Directions
Locate the line that contains "Thai Gray Handwoven" in the data that follows. Copy it and every subsequent line to the end, exactly, excluding pictures.

Data to examine
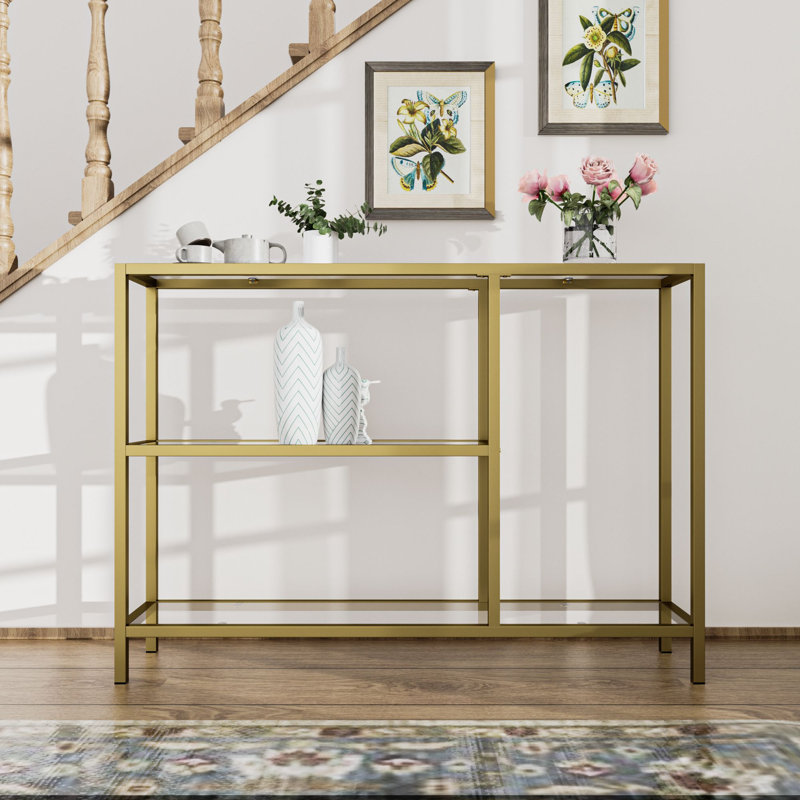 Azuolas 40"W × 29"H Console Table, Gold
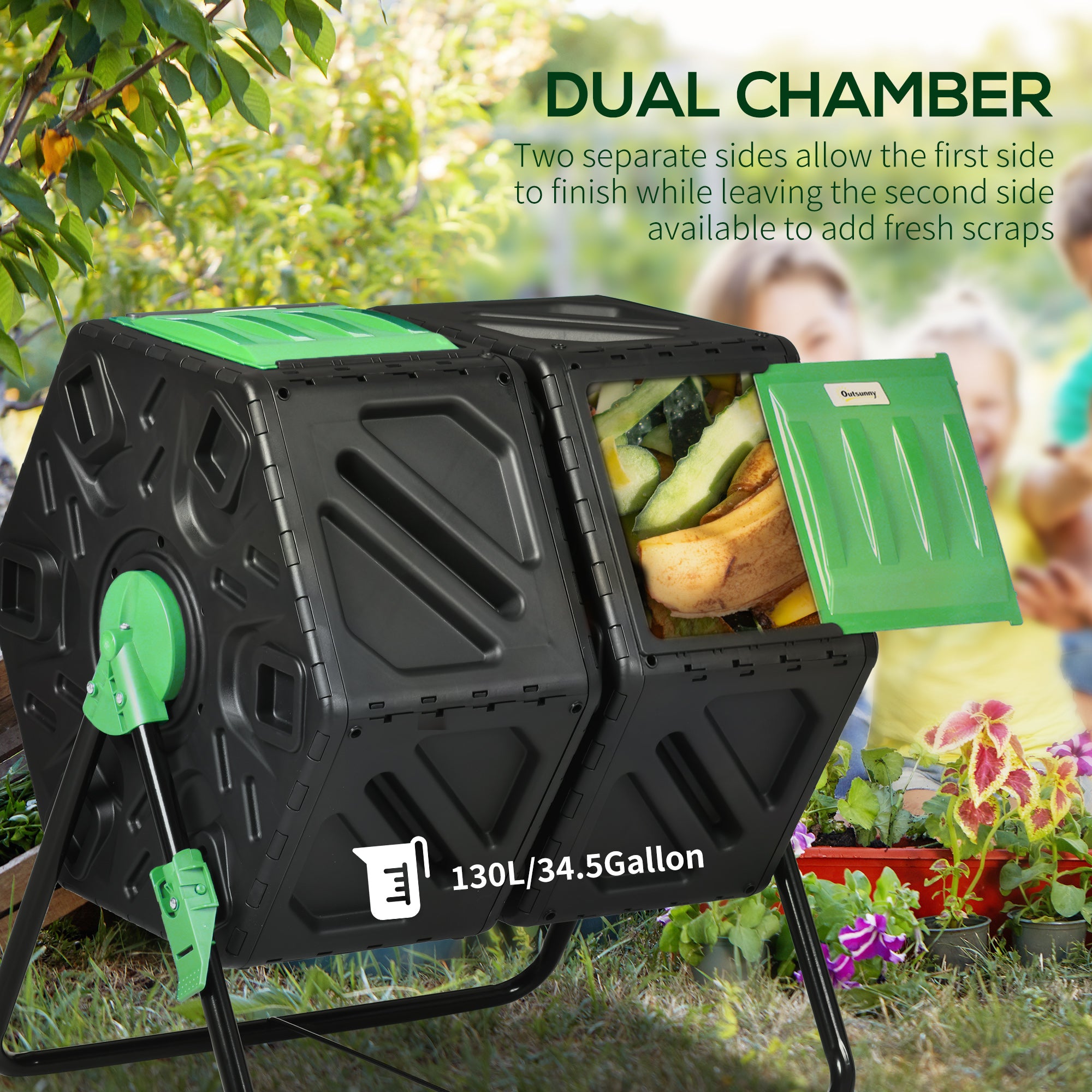 Outsunny Dual Chamber Garden Compost Bin, 130L Rotating Composter, Compost Maker with Ventilation Openings and Steel Legs - North Peak Garden Furniture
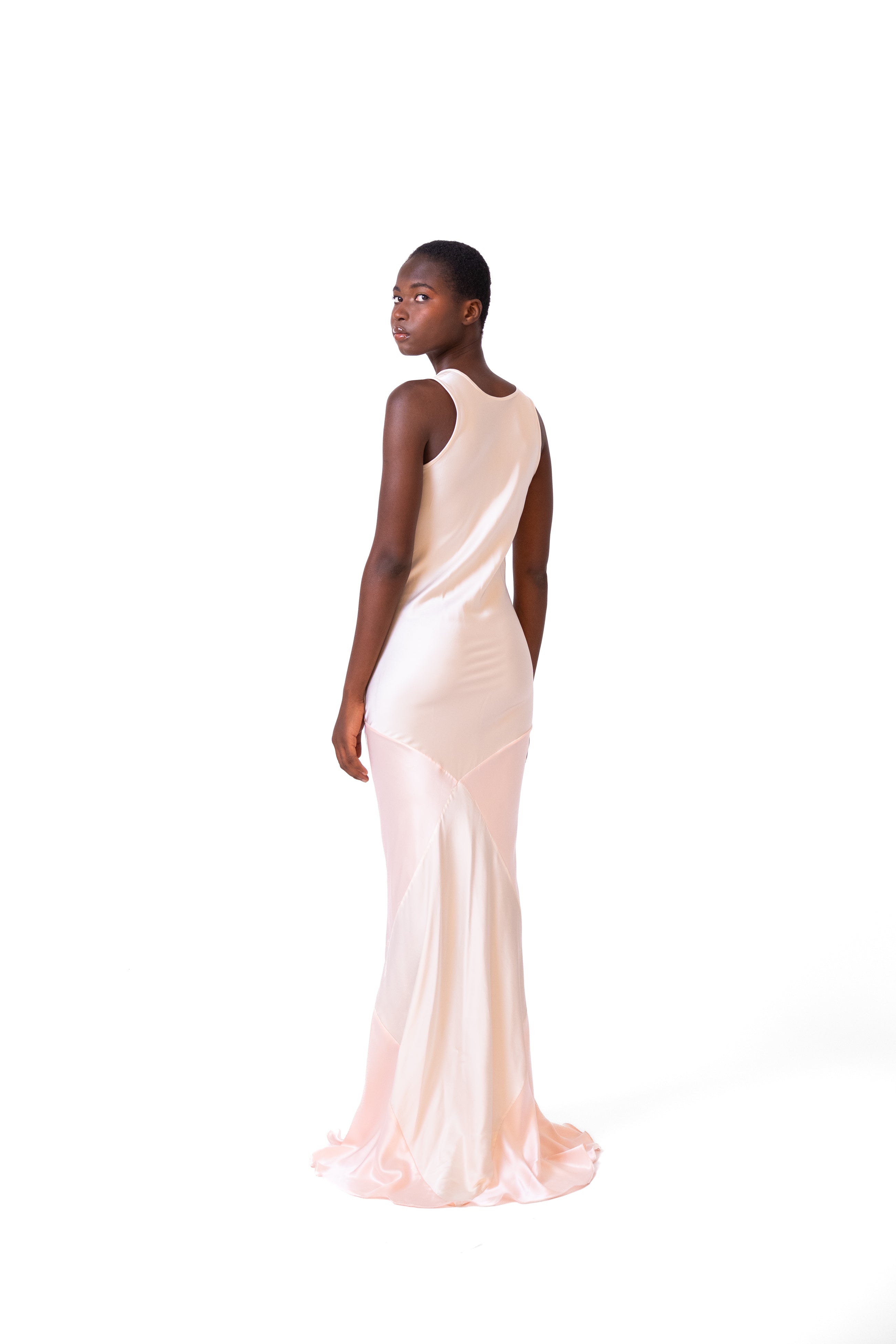 Silk Bias-Cut Long Dress in Pink and White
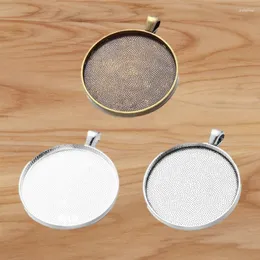 Pendant Necklaces 5 Pieces Large Round Frame Bezel Necklace Trays Charms Cabochon Base Setting For DIY Earring Jewellery Findings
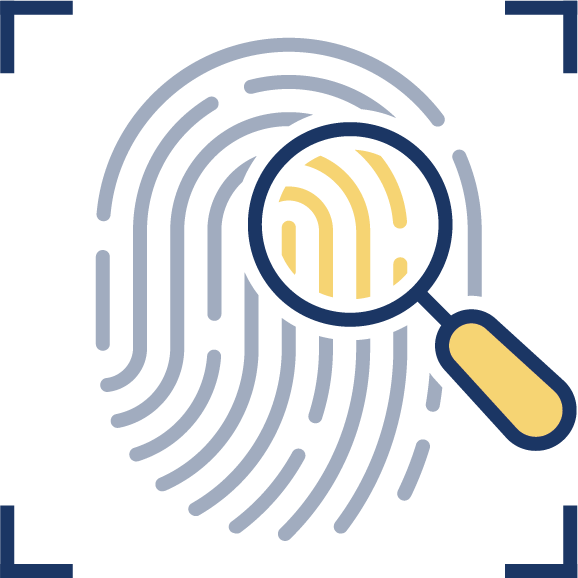 Magnifying glass over a fingerprint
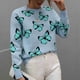 thumbnail image 2 of Jersey para mujer, suéter con cuello redondo, estampado, manga larga, dobladillo suelto, Top de punto acanalado para mujer, azul, XL, 2 of 7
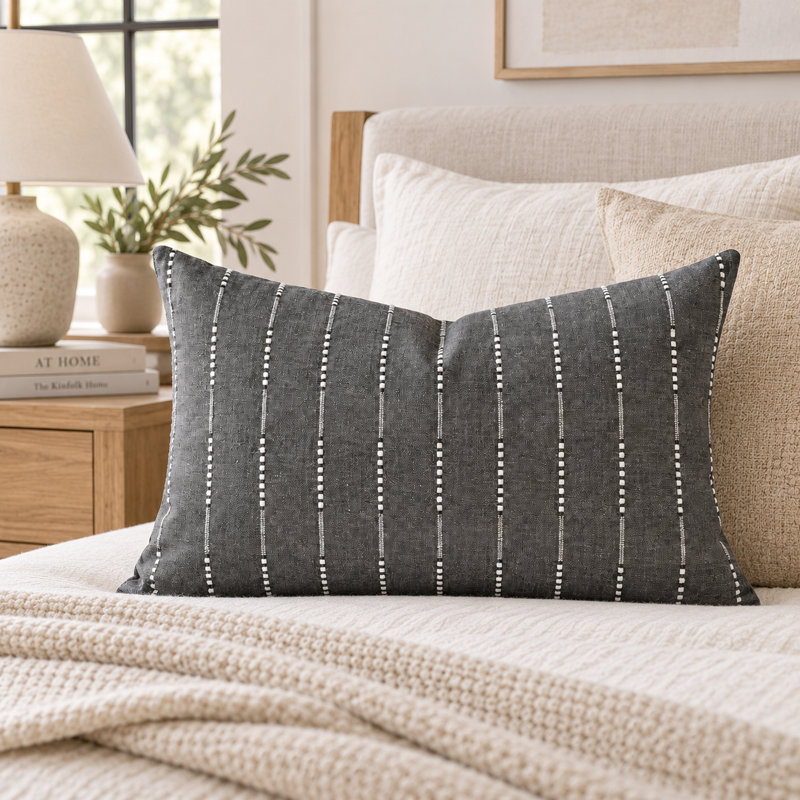 Thai Gray Handwoven Cotton Lumbar Pillow Cover, Decorative Accent, Gray, Rectangle 12"H x 18"W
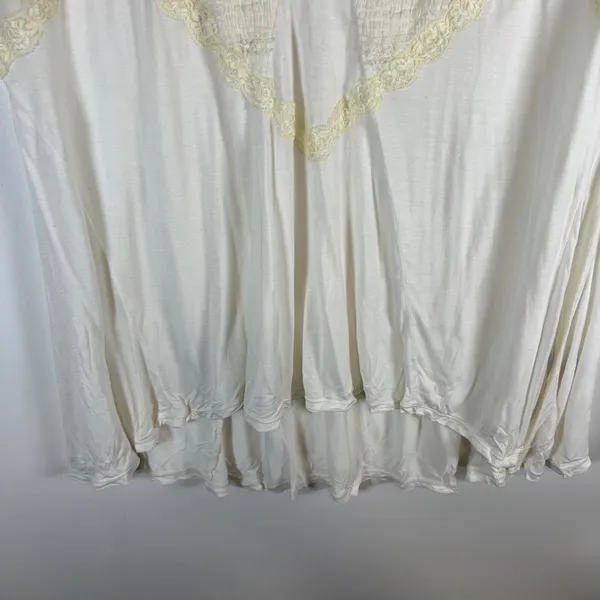 Free People Intimately Ivory Lace Smocked V-Neck High Low Sleeveless Top Romance - Image 3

Problem solution
 Thai Gray Handwoven Cotton Lumbar Pillow Cover, Decorative Accent, Gray, Rectangle 12"H x 18"W
 Free People Intimately Ivory Lace Smocked V-Neck High Low Sleeveless Top Romance - Image 3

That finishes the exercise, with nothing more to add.